According to Wikipedia, "Nuclear power plants have a carbon footprint comparable to that of renewable energy such as solar farms and wind farms, and much lower than fossil fuels such as natural gas and coal."

In a news article in 2024, a minister announced that "Singapore has plans to build a pool of about 100 nuclear energy experts" though "no decision has been made on the deployment of nuclear energy".

Rutherford α-particle scattering

Around the start of the 20th century (again, yes, lots of new physics were discovered around that time), Ernst Rutherford was a scientist in Manchester, England. One day in 1909, he asked his friends Hans Geiger and Ernest Marsden to do an experiment. He asked them to shoot some alpha particles at a thin, gold foil.

Alpha particles are part of the radiation from radioactive materials. At the time, alpha particles were probably to be some kind of very tiny particles travelling at super high speed.

To appreciate what happened, we need some background. That was a time when scientists had a vague idea that matter was made up of atoms, but had no idea what the inside an atom look like. The simple thinking was that maybe atoms were solid balls. See my earlier article on ideal gas.

Geiger and Marsden carried out the experiment. They found to everyone's surprise that most of the alpha particles went through the gold foil as if it was not there. Some scattered in other directions, and a small amount bounced right back!

Why were they surprised? At that time, people thought an atom was like a pice of pudding, and electrons were like tiny bits of plum stuck inside the pudding.

"The funny thing is, a plum pudding does not contain any plum! This goes back to the Victorian practice of substituting dried plums with other dried fruits, such as raisins. Dried plums or prunes were so popular that any goods which contained dried fruits were referred to 'plum cakes' or 'plum puddings'."

plum pudding

Rutherford thought the atom was like a ... plum pudding. And the alpha particle like bullets. So what would you expect if you shoot a bullet at a pudding? The bullet would just go straight through as if the pudding is not there!

I have a question though - if they were so sure about this, why did they bother to do this experiment? Maybe Rutherford just wanted to check, Scientists always wanted to be sure. And this is a new experiment, so I guess it was worth doing. There is always the chance to find some a bit different, which they could published and get some credit.

Instead of just getting some credit, What they found changed the world.

They found that although most of the alpha particles when straight through the gold foil, a small fraction bounced right back!

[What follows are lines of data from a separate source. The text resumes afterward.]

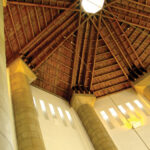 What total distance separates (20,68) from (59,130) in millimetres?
5291

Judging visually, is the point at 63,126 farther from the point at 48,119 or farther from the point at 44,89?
the point at 44,89

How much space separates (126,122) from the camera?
17188 mm

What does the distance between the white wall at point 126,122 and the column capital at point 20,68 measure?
24.8 feet

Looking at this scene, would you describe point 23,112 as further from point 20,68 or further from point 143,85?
point 143,85

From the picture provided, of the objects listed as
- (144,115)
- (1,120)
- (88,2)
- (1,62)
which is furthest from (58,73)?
(1,120)

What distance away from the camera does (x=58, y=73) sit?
1908cm

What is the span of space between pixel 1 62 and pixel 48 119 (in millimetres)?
9232

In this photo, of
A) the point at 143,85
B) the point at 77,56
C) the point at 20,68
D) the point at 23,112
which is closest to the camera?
the point at 23,112

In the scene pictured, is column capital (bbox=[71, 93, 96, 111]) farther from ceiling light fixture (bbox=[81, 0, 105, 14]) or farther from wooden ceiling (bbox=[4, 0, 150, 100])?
ceiling light fixture (bbox=[81, 0, 105, 14])

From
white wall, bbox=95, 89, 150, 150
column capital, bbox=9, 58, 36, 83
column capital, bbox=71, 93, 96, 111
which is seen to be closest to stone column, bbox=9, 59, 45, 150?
column capital, bbox=9, 58, 36, 83

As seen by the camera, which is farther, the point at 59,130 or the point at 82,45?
the point at 82,45

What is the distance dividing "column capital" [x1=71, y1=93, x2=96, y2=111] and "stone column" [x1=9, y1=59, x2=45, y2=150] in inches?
193

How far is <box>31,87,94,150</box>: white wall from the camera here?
12.6 m

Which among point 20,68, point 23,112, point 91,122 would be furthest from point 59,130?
point 20,68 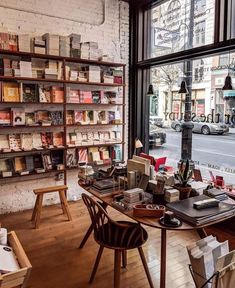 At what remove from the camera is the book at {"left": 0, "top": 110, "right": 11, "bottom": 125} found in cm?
379

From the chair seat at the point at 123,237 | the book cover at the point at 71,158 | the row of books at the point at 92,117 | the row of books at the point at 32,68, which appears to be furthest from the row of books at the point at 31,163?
the chair seat at the point at 123,237

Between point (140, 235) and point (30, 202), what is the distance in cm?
251

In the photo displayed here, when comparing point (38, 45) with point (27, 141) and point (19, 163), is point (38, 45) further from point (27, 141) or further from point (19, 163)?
point (19, 163)

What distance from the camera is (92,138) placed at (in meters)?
4.60

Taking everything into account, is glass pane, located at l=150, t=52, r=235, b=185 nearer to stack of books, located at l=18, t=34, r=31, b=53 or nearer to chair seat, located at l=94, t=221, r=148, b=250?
chair seat, located at l=94, t=221, r=148, b=250

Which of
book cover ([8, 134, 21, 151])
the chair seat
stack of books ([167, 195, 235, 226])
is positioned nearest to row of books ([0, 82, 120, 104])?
book cover ([8, 134, 21, 151])

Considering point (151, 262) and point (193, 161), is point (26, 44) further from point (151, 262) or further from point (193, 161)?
point (151, 262)

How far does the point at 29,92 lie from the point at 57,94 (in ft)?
1.30

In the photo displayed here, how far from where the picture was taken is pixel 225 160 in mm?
3736

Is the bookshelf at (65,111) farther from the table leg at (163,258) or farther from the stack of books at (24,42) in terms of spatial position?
the table leg at (163,258)

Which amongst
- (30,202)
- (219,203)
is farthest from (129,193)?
(30,202)

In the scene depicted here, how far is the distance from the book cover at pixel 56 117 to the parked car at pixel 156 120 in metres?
1.64

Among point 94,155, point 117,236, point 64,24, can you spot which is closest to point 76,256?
point 117,236

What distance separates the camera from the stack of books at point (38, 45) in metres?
3.91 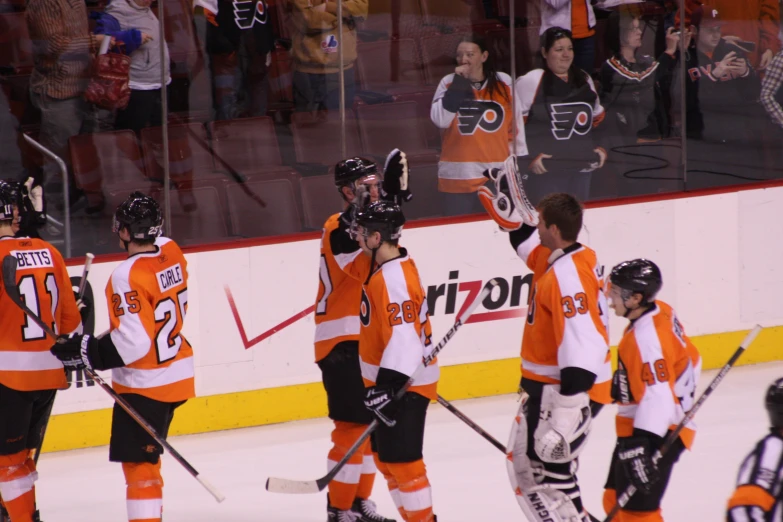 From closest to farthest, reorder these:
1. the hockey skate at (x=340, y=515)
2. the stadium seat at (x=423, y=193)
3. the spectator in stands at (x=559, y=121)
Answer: the hockey skate at (x=340, y=515) → the stadium seat at (x=423, y=193) → the spectator in stands at (x=559, y=121)

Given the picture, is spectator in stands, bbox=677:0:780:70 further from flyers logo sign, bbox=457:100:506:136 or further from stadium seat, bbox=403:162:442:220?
stadium seat, bbox=403:162:442:220

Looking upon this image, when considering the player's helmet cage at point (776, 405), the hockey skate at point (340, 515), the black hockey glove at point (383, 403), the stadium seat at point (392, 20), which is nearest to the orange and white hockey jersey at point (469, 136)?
the stadium seat at point (392, 20)

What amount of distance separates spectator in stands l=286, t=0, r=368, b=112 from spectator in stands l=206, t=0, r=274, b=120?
147 mm

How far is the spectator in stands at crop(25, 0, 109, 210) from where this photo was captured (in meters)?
5.43

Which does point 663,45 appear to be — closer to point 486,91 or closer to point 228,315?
point 486,91

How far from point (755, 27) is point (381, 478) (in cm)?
358

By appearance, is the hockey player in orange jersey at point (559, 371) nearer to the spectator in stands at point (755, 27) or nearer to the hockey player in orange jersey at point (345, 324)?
the hockey player in orange jersey at point (345, 324)

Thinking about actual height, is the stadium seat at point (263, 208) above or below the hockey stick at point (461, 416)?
above

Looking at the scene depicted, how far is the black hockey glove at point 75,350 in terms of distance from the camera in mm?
3822

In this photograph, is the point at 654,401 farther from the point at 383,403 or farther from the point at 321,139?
the point at 321,139

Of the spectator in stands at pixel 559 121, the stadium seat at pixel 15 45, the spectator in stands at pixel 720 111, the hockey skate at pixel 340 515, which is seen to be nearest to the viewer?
the hockey skate at pixel 340 515

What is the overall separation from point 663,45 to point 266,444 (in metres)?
3.08

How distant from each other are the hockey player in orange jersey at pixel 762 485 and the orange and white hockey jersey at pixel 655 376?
822 millimetres

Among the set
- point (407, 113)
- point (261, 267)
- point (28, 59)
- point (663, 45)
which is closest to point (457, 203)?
point (407, 113) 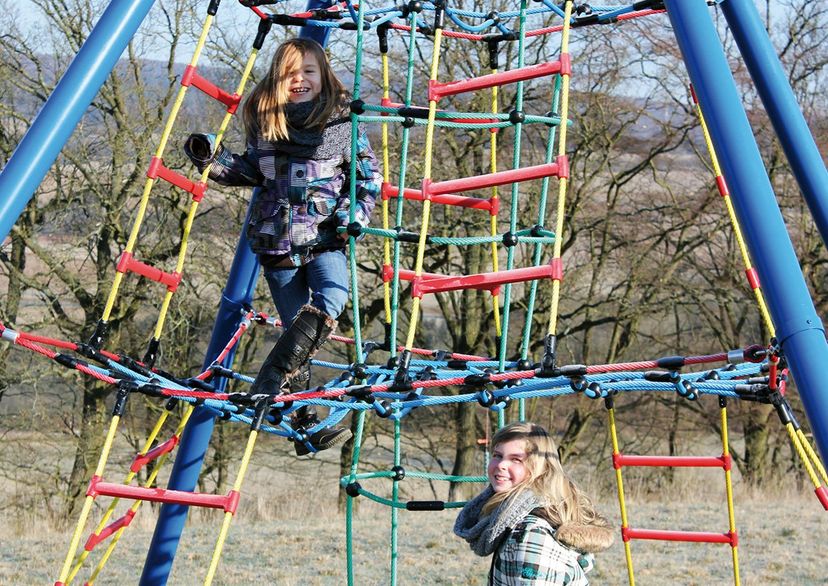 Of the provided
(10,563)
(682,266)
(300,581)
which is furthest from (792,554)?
(682,266)

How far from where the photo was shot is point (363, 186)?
3.90m

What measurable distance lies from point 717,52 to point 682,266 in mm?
12402

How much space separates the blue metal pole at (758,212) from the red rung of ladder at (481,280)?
0.70 metres

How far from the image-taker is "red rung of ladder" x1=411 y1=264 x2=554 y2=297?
323 cm

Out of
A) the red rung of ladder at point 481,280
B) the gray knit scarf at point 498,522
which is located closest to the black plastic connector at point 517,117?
the red rung of ladder at point 481,280

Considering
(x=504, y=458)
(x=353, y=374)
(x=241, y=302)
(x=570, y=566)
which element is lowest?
(x=570, y=566)

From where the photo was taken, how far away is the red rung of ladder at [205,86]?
3.80m

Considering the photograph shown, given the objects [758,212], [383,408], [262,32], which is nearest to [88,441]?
[262,32]

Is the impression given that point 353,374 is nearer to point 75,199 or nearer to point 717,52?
point 717,52

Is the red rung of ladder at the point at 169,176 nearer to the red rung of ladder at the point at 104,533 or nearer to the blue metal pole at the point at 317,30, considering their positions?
the blue metal pole at the point at 317,30

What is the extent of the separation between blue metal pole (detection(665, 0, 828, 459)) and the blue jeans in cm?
152

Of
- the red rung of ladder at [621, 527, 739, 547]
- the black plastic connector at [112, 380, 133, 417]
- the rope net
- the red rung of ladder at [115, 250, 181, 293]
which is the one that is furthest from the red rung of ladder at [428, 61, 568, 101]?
the red rung of ladder at [621, 527, 739, 547]

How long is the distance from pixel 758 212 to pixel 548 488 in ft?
2.66

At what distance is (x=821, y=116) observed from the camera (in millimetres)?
14391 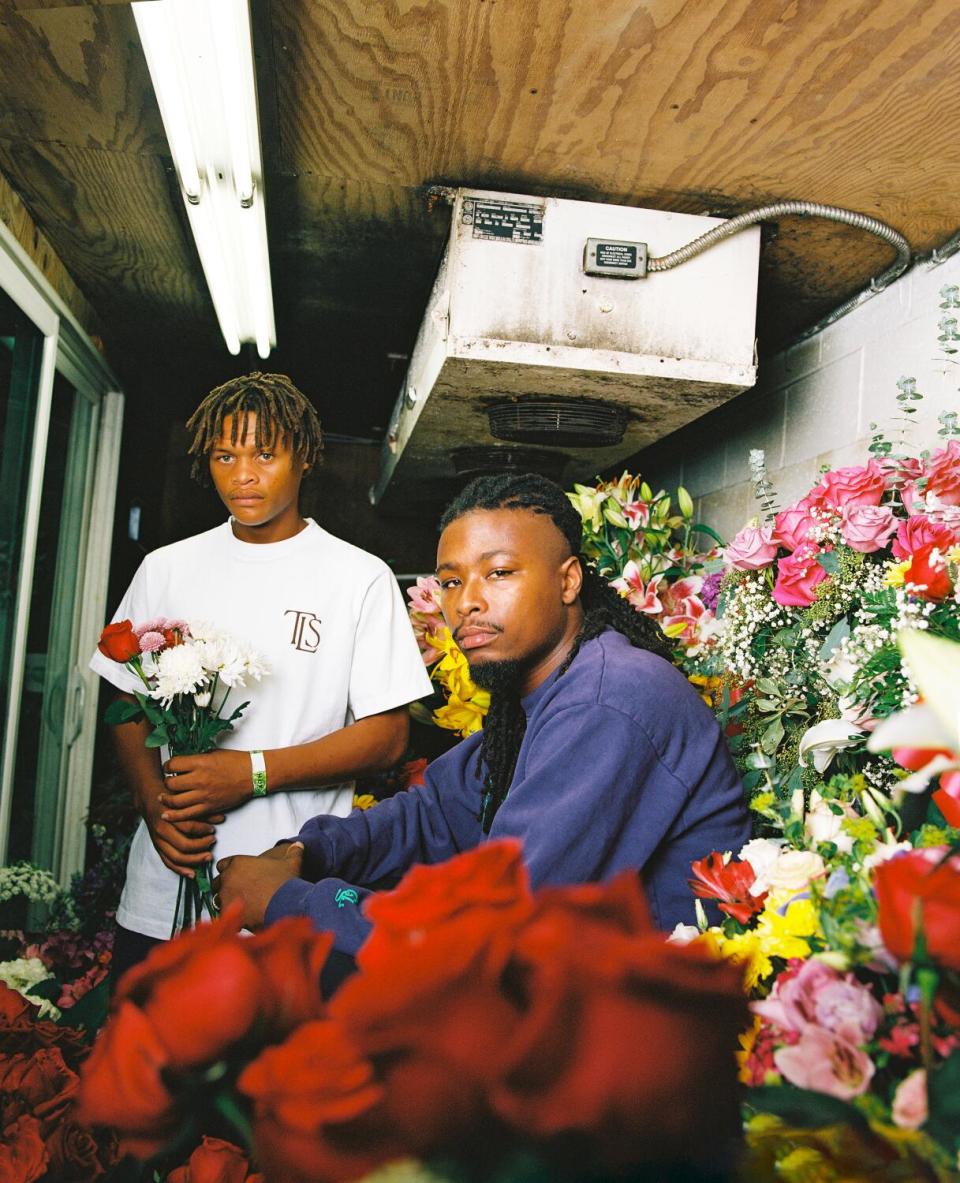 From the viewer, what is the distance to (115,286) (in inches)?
108

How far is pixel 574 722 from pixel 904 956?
804 mm

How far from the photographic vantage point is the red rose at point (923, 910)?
0.39 metres

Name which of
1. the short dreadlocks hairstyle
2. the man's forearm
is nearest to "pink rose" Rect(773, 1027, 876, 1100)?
the man's forearm

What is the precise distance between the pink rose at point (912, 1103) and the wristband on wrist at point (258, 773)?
1.29 metres

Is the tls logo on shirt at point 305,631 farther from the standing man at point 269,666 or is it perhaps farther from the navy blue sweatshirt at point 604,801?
the navy blue sweatshirt at point 604,801

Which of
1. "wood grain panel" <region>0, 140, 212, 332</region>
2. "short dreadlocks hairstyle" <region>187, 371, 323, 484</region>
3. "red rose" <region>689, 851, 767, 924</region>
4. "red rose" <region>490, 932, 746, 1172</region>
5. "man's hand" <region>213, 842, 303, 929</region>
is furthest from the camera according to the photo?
"wood grain panel" <region>0, 140, 212, 332</region>

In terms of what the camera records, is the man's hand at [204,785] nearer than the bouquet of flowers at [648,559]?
Yes

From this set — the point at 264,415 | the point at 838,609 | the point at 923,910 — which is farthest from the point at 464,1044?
the point at 264,415

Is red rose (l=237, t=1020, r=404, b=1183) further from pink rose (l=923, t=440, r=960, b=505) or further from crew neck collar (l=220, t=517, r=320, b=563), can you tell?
crew neck collar (l=220, t=517, r=320, b=563)

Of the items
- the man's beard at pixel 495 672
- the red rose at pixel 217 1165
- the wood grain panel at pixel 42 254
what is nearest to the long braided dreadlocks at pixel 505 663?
the man's beard at pixel 495 672

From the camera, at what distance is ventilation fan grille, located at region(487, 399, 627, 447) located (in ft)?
7.28

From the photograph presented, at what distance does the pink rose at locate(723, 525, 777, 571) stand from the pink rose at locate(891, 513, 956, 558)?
283mm

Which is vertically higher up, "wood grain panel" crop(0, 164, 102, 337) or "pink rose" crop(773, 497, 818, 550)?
"wood grain panel" crop(0, 164, 102, 337)

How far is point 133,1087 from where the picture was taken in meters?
0.36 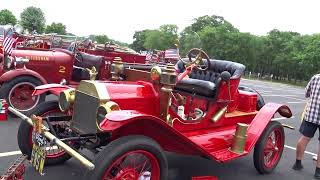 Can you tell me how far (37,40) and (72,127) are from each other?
931cm

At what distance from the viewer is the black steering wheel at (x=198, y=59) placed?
537cm

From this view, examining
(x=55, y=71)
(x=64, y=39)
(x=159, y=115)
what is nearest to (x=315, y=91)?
(x=159, y=115)

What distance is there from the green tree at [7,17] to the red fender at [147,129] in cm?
5480

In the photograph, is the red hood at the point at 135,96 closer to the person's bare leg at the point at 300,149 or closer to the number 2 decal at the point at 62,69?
the person's bare leg at the point at 300,149

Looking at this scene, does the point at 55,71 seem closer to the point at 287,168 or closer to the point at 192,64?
the point at 192,64

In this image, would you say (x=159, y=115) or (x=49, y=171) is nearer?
(x=159, y=115)

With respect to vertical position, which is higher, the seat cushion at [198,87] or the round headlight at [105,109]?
the seat cushion at [198,87]

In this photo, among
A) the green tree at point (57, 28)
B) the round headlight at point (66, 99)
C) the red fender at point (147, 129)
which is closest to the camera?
the red fender at point (147, 129)

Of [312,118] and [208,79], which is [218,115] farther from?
[312,118]

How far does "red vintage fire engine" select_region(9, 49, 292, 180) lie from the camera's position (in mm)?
3678

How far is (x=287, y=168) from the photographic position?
598cm

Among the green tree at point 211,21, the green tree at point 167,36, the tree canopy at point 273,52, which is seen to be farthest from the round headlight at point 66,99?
the green tree at point 211,21

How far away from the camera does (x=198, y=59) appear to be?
5.38 metres

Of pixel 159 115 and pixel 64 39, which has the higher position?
pixel 64 39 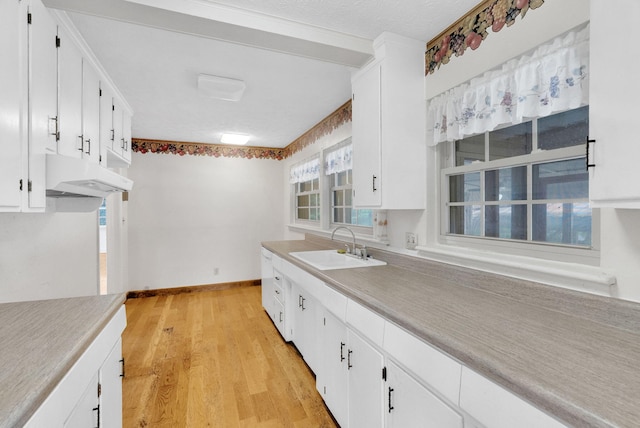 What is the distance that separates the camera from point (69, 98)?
63.1 inches

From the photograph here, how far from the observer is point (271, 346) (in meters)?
2.88

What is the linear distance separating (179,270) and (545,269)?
4.64 m

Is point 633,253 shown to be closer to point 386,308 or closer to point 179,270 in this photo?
point 386,308

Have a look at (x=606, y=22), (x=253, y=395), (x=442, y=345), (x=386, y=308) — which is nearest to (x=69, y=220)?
(x=253, y=395)

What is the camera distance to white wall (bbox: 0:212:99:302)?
1557 mm

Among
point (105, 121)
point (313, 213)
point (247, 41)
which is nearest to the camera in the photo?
point (247, 41)

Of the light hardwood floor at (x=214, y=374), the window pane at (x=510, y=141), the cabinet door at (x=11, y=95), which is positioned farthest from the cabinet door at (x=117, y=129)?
the window pane at (x=510, y=141)

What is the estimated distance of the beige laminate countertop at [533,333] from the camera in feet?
2.25

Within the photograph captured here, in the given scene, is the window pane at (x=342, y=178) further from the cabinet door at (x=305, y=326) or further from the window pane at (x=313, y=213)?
the cabinet door at (x=305, y=326)

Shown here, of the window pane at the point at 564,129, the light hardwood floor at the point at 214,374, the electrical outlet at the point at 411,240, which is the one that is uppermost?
the window pane at the point at 564,129

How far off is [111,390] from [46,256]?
1.04 meters

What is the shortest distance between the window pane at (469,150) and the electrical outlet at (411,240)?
21.7 inches

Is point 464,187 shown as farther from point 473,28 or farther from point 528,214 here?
point 473,28

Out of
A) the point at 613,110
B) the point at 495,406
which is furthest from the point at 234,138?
the point at 495,406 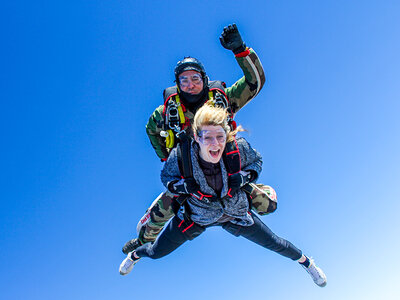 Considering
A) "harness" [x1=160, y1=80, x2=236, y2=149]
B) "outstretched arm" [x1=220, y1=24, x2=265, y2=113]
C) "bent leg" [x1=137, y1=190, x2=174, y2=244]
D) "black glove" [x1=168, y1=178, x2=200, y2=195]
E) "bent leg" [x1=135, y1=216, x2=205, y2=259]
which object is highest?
"outstretched arm" [x1=220, y1=24, x2=265, y2=113]

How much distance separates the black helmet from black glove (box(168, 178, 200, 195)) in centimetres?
188

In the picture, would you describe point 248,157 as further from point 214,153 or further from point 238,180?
point 214,153

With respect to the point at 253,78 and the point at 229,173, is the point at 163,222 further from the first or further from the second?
the point at 253,78

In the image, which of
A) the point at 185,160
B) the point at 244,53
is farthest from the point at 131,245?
the point at 244,53

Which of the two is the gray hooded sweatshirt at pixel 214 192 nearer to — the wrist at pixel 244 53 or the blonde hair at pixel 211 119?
the blonde hair at pixel 211 119

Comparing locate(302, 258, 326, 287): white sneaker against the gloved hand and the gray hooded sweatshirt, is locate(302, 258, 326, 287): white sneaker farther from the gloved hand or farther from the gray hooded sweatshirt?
the gloved hand

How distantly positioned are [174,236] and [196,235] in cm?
31

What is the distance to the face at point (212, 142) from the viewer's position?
401 centimetres

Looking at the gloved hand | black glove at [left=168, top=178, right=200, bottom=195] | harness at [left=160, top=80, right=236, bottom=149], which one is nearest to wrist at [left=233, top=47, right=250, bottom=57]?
harness at [left=160, top=80, right=236, bottom=149]

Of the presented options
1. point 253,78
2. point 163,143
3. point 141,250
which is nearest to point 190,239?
point 141,250

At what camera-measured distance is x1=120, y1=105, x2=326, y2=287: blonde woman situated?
4096 mm

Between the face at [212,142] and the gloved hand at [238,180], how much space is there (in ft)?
0.98

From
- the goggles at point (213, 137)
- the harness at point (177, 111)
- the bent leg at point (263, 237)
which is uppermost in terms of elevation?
the harness at point (177, 111)

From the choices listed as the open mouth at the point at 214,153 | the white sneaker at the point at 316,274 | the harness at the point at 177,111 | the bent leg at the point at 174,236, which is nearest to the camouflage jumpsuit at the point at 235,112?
the harness at the point at 177,111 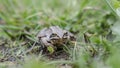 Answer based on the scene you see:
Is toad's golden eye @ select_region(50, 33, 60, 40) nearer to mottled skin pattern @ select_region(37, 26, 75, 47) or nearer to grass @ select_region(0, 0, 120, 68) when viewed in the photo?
mottled skin pattern @ select_region(37, 26, 75, 47)

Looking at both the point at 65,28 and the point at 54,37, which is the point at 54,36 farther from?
the point at 65,28

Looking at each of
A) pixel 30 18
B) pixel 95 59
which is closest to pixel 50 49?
pixel 95 59

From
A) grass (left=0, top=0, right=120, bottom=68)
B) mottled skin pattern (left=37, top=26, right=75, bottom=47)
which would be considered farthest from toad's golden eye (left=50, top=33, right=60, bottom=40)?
grass (left=0, top=0, right=120, bottom=68)

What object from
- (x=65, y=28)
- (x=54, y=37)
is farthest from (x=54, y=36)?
(x=65, y=28)

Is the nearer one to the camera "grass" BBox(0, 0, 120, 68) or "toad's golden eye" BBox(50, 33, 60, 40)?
"grass" BBox(0, 0, 120, 68)

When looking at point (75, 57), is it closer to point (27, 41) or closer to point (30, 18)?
point (27, 41)

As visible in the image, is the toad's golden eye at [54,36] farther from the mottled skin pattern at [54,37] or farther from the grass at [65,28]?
the grass at [65,28]

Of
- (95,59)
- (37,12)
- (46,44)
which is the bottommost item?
(95,59)

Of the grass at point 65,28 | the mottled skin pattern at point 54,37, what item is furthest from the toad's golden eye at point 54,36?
the grass at point 65,28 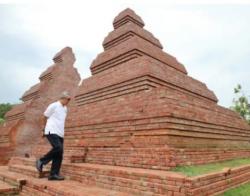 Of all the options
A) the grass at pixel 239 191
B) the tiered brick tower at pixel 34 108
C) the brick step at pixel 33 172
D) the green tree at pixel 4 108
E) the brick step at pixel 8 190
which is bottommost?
the brick step at pixel 8 190

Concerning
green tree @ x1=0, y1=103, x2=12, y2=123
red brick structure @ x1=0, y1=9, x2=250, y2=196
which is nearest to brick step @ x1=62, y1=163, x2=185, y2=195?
red brick structure @ x1=0, y1=9, x2=250, y2=196

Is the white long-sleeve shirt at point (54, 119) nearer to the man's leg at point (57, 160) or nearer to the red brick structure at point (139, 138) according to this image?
the man's leg at point (57, 160)

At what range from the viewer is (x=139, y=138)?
4820mm

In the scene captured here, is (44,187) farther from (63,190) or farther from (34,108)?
(34,108)

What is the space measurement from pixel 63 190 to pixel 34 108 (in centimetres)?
765

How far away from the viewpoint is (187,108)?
4.97m

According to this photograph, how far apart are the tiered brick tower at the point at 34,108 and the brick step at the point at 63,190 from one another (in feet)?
19.6

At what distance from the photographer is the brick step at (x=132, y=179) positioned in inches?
131

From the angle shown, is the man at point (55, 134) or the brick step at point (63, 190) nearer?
the brick step at point (63, 190)

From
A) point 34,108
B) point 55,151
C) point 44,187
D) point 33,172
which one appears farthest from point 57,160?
point 34,108

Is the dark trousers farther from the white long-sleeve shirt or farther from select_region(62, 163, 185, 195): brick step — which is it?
select_region(62, 163, 185, 195): brick step

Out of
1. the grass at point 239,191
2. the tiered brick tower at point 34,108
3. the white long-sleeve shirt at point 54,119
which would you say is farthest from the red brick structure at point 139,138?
the tiered brick tower at point 34,108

An ordinary student would probably dismiss this as experimental error or not important. But Rutherford was no ordinary student. He sensed that they have discovered something big.

Rutherford was quoted as saying: "It was quite the most incredible event that has ever happened to me in my life. It was almost as incredible as if you fired a 15-inch shell at a piece of tissue paper and it came back and hit you."

The gold foil ... was a very expensive piece of tissue paper.

The rest was history. The discovery provided ideas that led to more work and many discoveries in nuclear physics. Here is a Rutherford model picture of an atom.

Rutherford atom

Nucleon number (mass number) and proton number

Today, we learn that most of the mass of an atom is in a small volume at the centre - called the nucleus. This nucleus contains two types of particles - protons and neutrons. The rest of the volume of the atom are most empty space with a number of relative light electrons.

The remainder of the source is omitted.